One option that we didn't discuss is going ground source geothermal for cooling and heating. Depending on what you have underground it can be competitive if you already have an air handling system and your house isn't on rock. It too is a large upfront expense which may be offset by incentives..

The one thing I do have to caution you is you are potentially a ripe target for a slick salesman selling you on the concept of leasing a PV system or some other variant where they rent your roof and sell you power at a claimed rate lower than what your utility is charging. Its tempting and for a few folks might make sense, but for the vast majority of folks they are far better off buying as the leasing company will "skim the crème" of the payback. There are also long term issues with a leased system.  The lease is secured by lien on the house, if you go to sell, it will complicate the transaction and the leasing firm may elect to force you to buy out the lease at a high cost before selling. Generally they contractually have the right to review the credit rating of the potential buyer and due to the way they finance the systems, its to their incentive to force the current buyer to buy it out. (the scam is they install the system at a very inflated cost (that they pay to themselves) and then take a higher rebate from the government, they then write off the high installation cost over the life of the project. If an owner wants a buyout, they sell it at the inflated cost they have on the books.)


----------



## 7acres (Aug 31, 2016)

peakbagger said:


> Solar is not that much of "huge expense". A 4 KW array is going to run around $3 to 3.50 an installed watt for a total of $14,000, subtract the federal rebate of $4,200  and the remainder is $9,800. There are most likely are state incentives to drop the cost even further. I would definitely suggest checking this database fro your state it has all the incentives http://www.dsireusa.org/. The prior poster didn't give enough info to really analyze his situation but 4KW looks small for an older inefficient house with full time AC. I would expect a 6 to 8 KW array for typical a lot of the 2000 to 2500 square foot homes being built these days.What you really need to do is figure out you past years electrical usage and size a system to match it.
> 
> SInce you didn't say what state you were in, I picked Raleigh NC for spot to run PV Watts (an easy to use  solar calculator). I used the default power rate of $0.10 per KW delivered, that comes out to $583 per year electrical savings. That's a 6% simple rate of return. 6% is not bad considering that its a fairly secure investment (you are selling power to yourself). Odds are an equivalent investment of similar safety is at best returning 1%. That's worse case, many states have incentives and possibly low interest loans. which would drive down the installed cost and increase the payback. They also may have rebates on high efficiency heating and cooling systems. The state may also be in the SREC market and then you have another sources of yearly revenue to offset the cost possibly reducing the payback by a couple of years.
> 
> ...


----------



## 7acres (Aug 31, 2016)

Well, I think we just went off the deep end (in a possibly good way). Peakbagger's assessment that it doesn't have to cost a fortune looks to be what we're seeing now. We just got off the phone with a local solar company. It looks like there are a lot of incentives in my area, Upstate SC. A rough quote for an 8kw grid tied array with net metering would be $27,000 up front. But the power company, Duke Energy, would pay us about $8k (which gets taxed) after just 7 weeks of the system being installed. On top of that we ultimately get back about $8k in federal rebates and another $6,500 in rebates from the state. Basically the net cost after all the rebates we're looking at $5,750. Way cheaper than we thought possible. Of course this is all based on a phone call. 

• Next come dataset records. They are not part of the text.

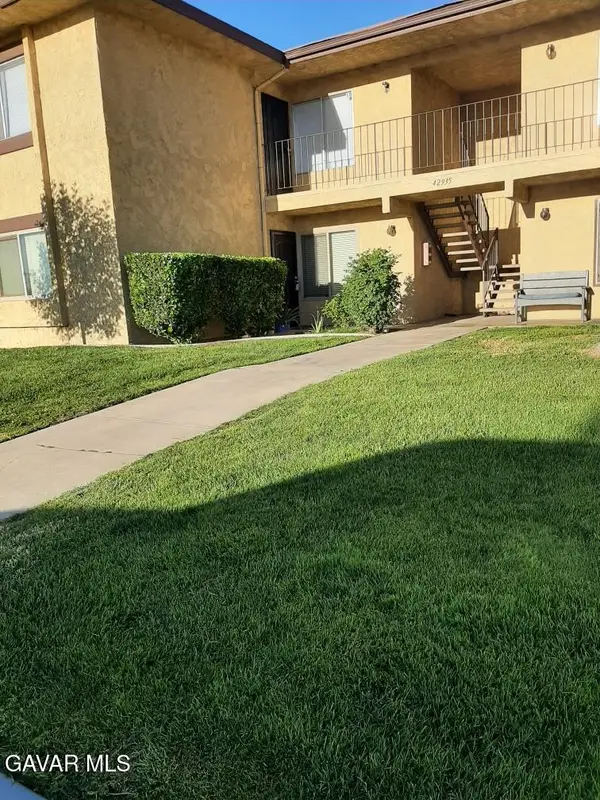 42935 W 15th St West Street #11, Lancaster, CA 93534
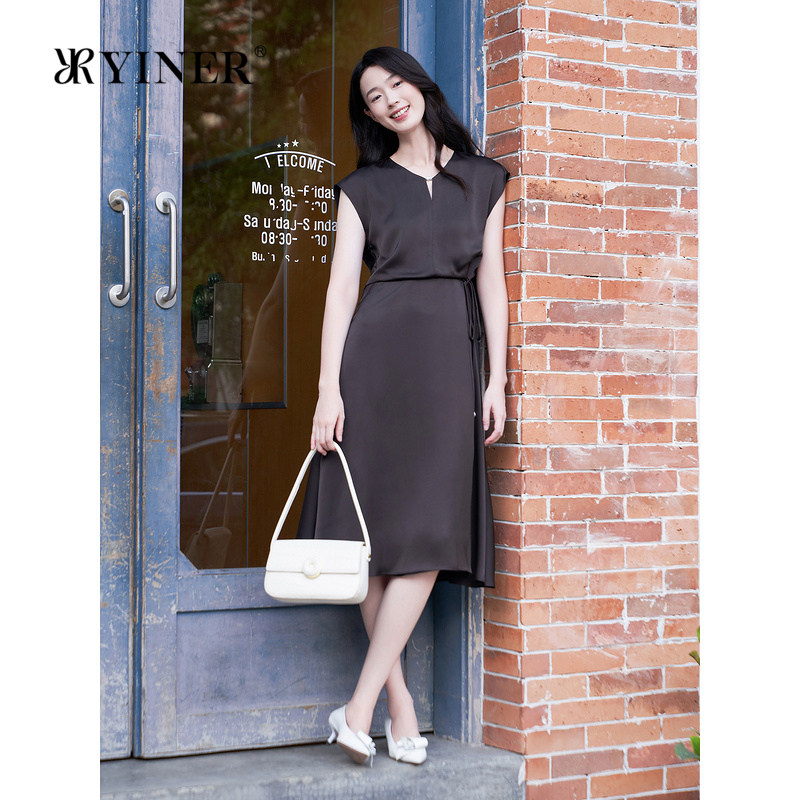 YINER音儿专选秋季哑光缎面琉璃小黑裙假两件气质连衣裙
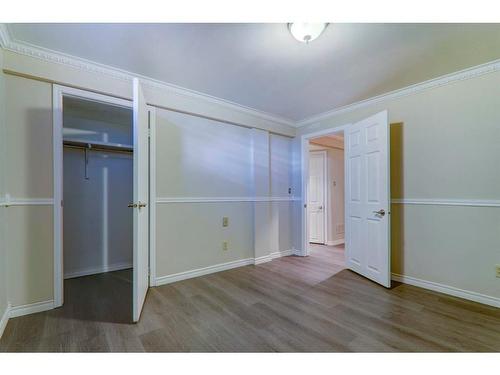 3015 48 Street Ne, Calgary, AB - Indoor Photo Showing Other Room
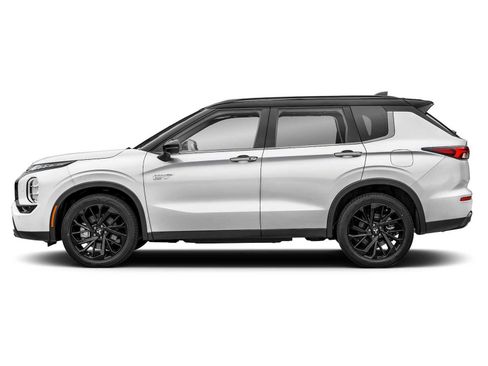 Used 2025 Mitsubishi Outlander SEL Black Edition AWD/4WD image 3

Goodness, I feel so ignorant about all of this. Ignorant but optimistic. We've got them scheduled for an on-site assessment next Wednesday. I continue to appreciate any words of wisdom as my wife and I are really interested in this now.


----------



## iamlucky13 (Aug 31, 2016)

I have a hard time believing an 8 kW system could be had for that little. That's a lot of subsidies. I guess the advice to read the fine print always applies, but if they're really offering a large system like that for so cheap, and your roof can support it (something they'll check in the onsite assessment), then this is a very easy decision to make.



			
				Where2 said:
			
		

> Just the other day, my neighbor was asking me how high my electric bill had been this summer, complaining that his bill had been above $300 for more than one month this summer.

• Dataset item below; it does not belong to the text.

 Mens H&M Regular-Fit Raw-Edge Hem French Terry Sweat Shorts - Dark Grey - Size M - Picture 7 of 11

Weird. Does he keep his windows open when running the AC? Since a 4 kW array should make 700-900 kWh per month in the Florida summer, he's clearly using a lot more energy than you unless your electricity costs a lot more than the national average. Playing with a few numbers and making a few assumptions, that seems like a 4 ton AC unit running 16 hours a day, which sounds crazy to me.


----------



## peakbagger (Aug 31, 2016)

Sounds like you are in a great state for solar, do it sooner than later as there is an overall pull back on incentives for solar in some states (like Arizona and Ohio ) due to lobbying by the Koch brothers. Most states grandfather existing installations if they reduce the incentives.  

A minor item when you are totaling up the savings is the federal rebate is on net cost, you need to subtract all the other rebates and incentives and then take 30% off. More than a few folks add in the cost to replace the roofing under the shingles if its deteriorated, it up to you and your tax adviser on this one  You want to try to get new roof user the panels as its bear to have to remove them to replace the roof later on.

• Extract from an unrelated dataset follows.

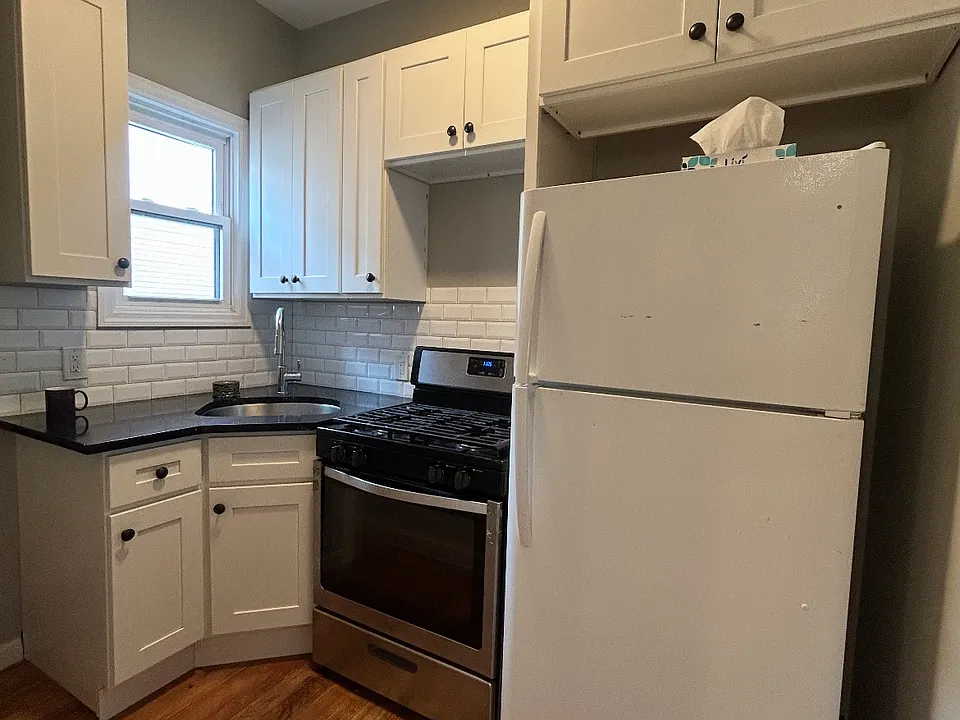 851-853 Main St #2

Ideally you want to make the energy savings first and then size the array to your future use but most folks just use their current usage. 8 KW is a bit large, you may need to do something called a line sized tap on your power panel but depends on how large. This is not a deal breaker just something that may need to be looked at. If you have 200 AMP panel you may not.  I replied to thread on preparation for solar in the green room that might be worth reading. 

Definitely ask if there is a SREC market in the state and if so how do you sign up. You basically sell the right to "brag" you are being green in exchange for a check every year. Could be $500 or could be $5,000 depends on the market. It may require extra paperwork and best to discuss up front who does the paperwork. 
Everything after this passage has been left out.